On 12 September 2018, the National assembly adopted the National Credit Amendment Bill 2018 (Committee Bill) after having debated in Parliament, this follows the adoption by the Portfolio Committee on Trade and Industry on 7 September 2018.  Speaking during the Second Reading Debate on the National Credit Amendment Bill on Debt Intervention, the Acting Minister of Trade and Industry (the dti), Ms Lindiwe Zulu indicated that the Bill is an amendment to the National Credit Act of 2005, which came into effect in 2007 with the aim to address and prevent over-indebtedness of consumers and ensuring an accessible, consistent, responsible and equitable credit market.

“The Bill provides relief for over-indebted consumers earning less than R7 500 with unsecured debt of not more than R50 000. It will directly address the plight of the poor and low-income workers who are over-indebted. It also intends to encourage and enforce responsible lending and borrowing,” said Zulu.

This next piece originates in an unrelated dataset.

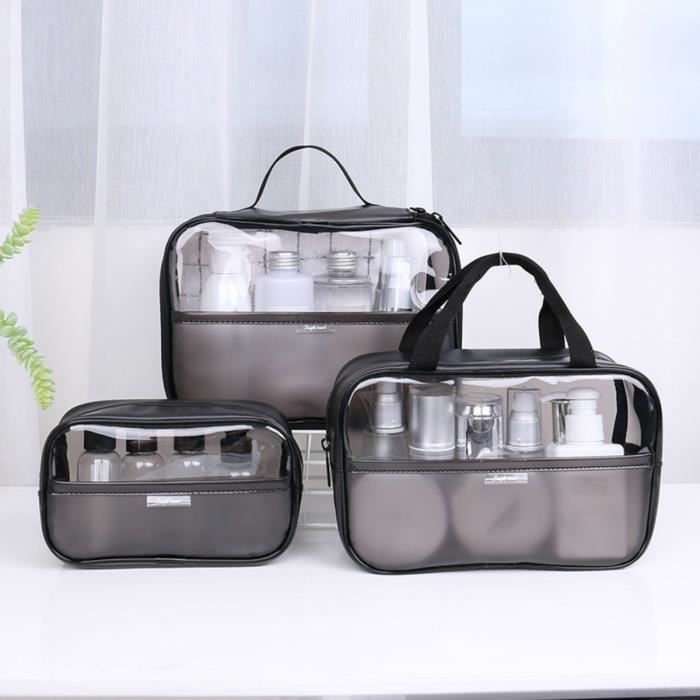 Trousses De Toilette Transparente Unisexe Pochette À Maquillage Transparente Rangement Pour Maquillage Sccessoires De Voyage -3PCS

She added that the Bill introduces a new effective and accessible debt counselling and personal insolvency framework for over-indebted low-income consumers.  Additionally, she said that approximately 38% of 25 million credit active consumers have impaired credit records.

“The Bill provides a balance that addresses the needs of the consumers and promotes responsible borrowing by credit providers.  In addition, the Bill tackled some of the concerns of credit providers. It distinguishes between secured and unsecured credit in accordance with the Task Team Agreements entered into in 2010 by the National Credit Regulator and the credit providers to limit the reduction for interest on unsecured debt. Taking the repo rate into account ensures that banks will not be unfairly prejudiced by a reduction. This will form part of the regulations,” said Zulu.

Zulu added that the Bill will improve the collection of bad debt amongst over-indebted low income consumers by credit providers. In South Africa, approximately R879 million of bad debt is collected by credit providers through debt counselling on a monthly basis.